Enviada em 28/08/2019

O novo relatório das Nações Unidas constatou que a população mundial deve crescer em dois bilhões de pessoas nos próximos 30 anos. Indubitavelmente, o ritmo de consumo e, consequente acúmulo de lixo, também tende a aumentar, pois as pessoas vêm sendo, e continuarão a ser, influenciadas a buscarem um padrão de vida consumista. Sendo assim, tal problemática acarreta um dilema mundial de sustentabilidade, uma vez que o meio ambiente não consegue suportar a demanda.

Em primeiro lugar, destaca-se o papel da mídia, que é o meio pelo qual as grandes empresas impõe um molde de vida baseado na aquisição exaltada de bens. Ademais, utilizam de figuras públicas e influenciadores digitais para lançar tendências de compras. Para ilustrar, pode-se citar a forma como o hábito de pedir uma mulher em casamento com um anel de diamante tornou-se referência para o mundo inteiro, já que as celebridades do momento assim faziam.

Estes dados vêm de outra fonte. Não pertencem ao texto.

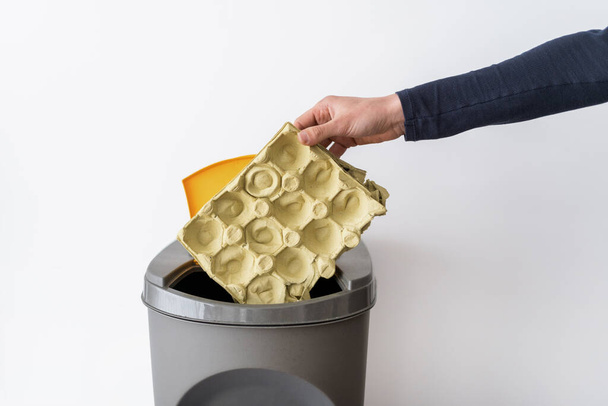 Viljelty näkymä henkilö heittää paperia roskakoriin. Jätteiden kierrätys. Pelastaa planeetta. Ympäristönhoidon käsite. Ekologinen elämäntapa. Roskien lajitteluprosessi - Valokuva, kuva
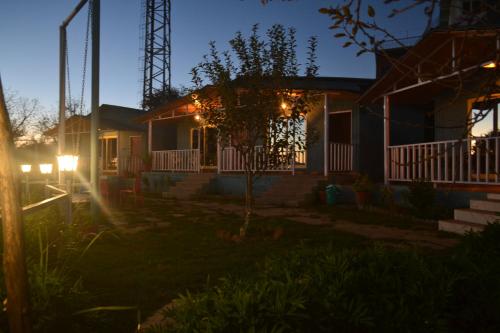 a house with lights on the front of it at Namaha hotel and cottages in Kanatal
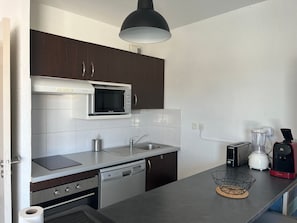 Eine moderne Küche mit Einbau-Mikrowelle, Geschirrspüler und Toaster.
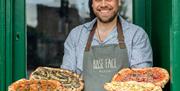 Base Face Pizza, Worker Hold Four Pizzas
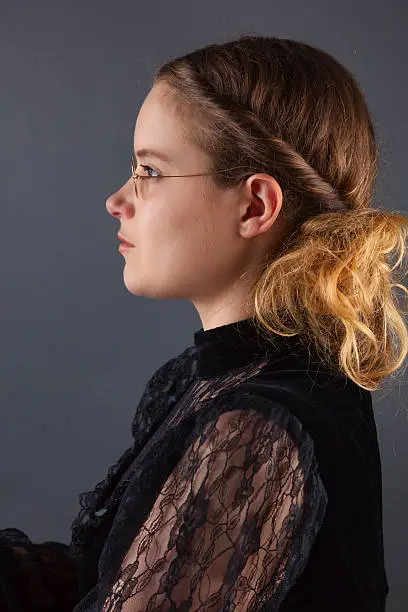 Profile shot of a blonde-haired, bespectacled lady wearing a black, Victorian dress.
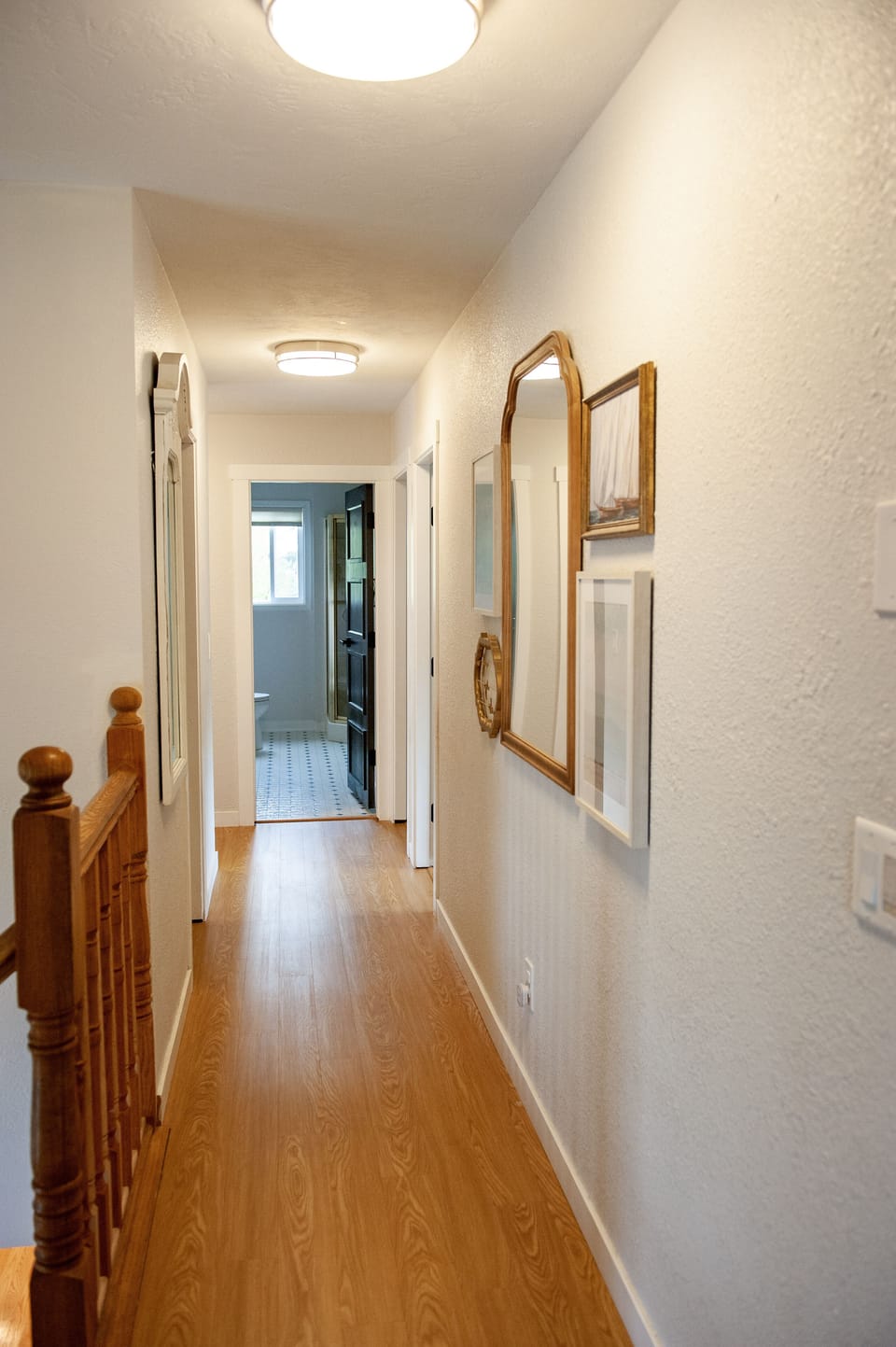 Upstairs hallway with 5 bedrooms and 2 bathrooms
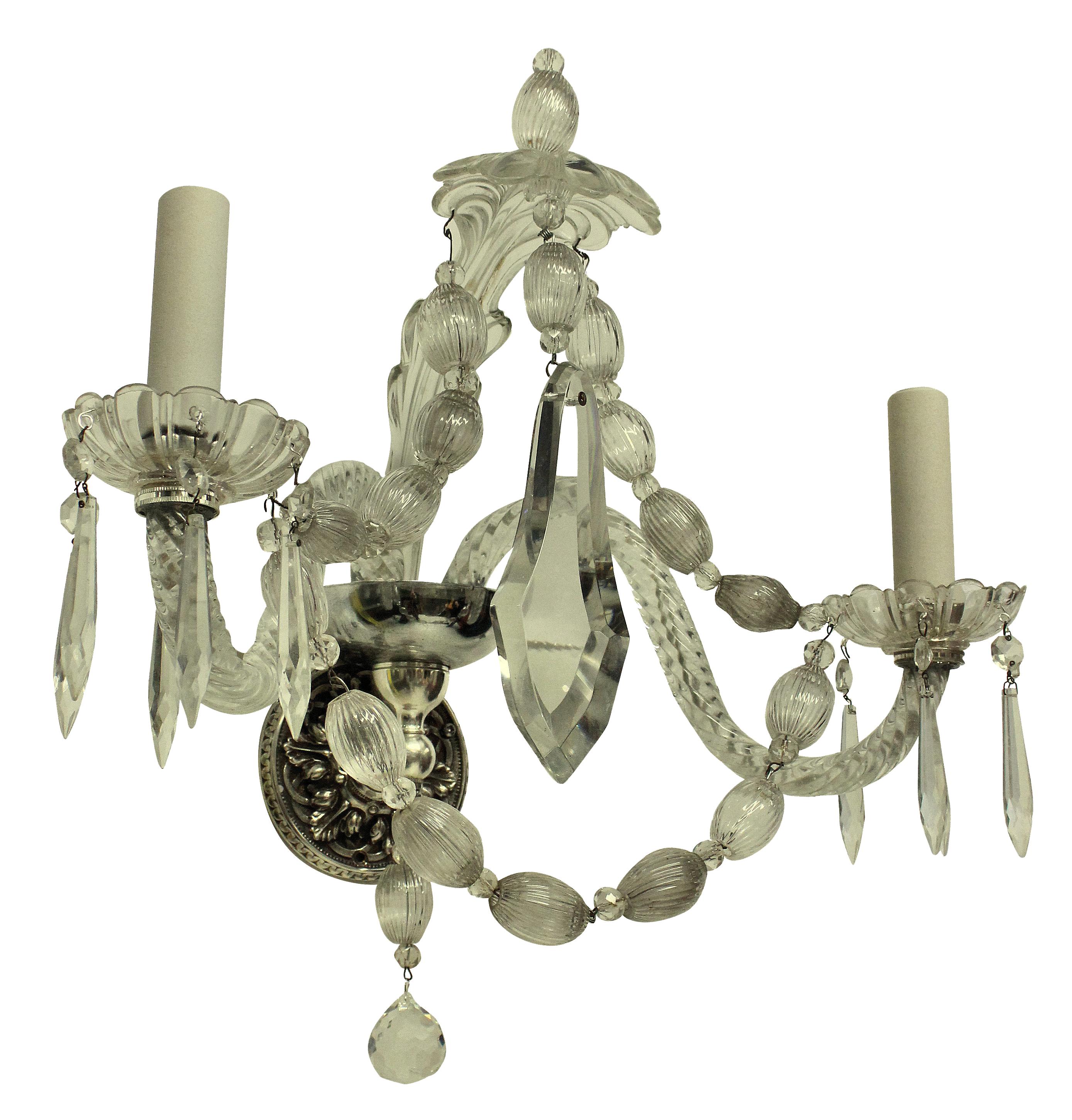 A set of six twin branch French wall sconces in cut and moulded glass.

Em segundo lugar, analisa-se as consequências das atitudes egocêntricas da humanidade. De acordo com o autor John Piper, a marca da cultura de consumo é a redução do ‘ser’ para ‘ter’. Entretanto, a compra de coisas a fim de alcançar status social promove mais do que a alienação. Conforme dados da ONU, a humanidade produz mais de 2 bilhões de toneladas de lixo por ano. Além disso, proporciona uma crise nos recursos naturais do planeta, que segundo a Organização Mundial do Comércio, estão escassos e economicamente úteis, ou seja acabando.

Fica claro, portanto, que o consumismo é um vício que ocasiona implicações para a natureza e as próximas gerações humanas. Diante disso, é crucial que a mesma mídia que o impulsiona, o faça desacelerar via campanhas de conscientização sobre as sobras de uma vida descontrolada. Ademais, as pessoas que trabalham com mídias sociais devem reconhecer seu papel social de passar uma compreensão de que o bem-estar nunca dependerá de dinheiro ou propriedades. Para que assim, a Terra ainda possa receber os novos 2 bilhões de seres humanos.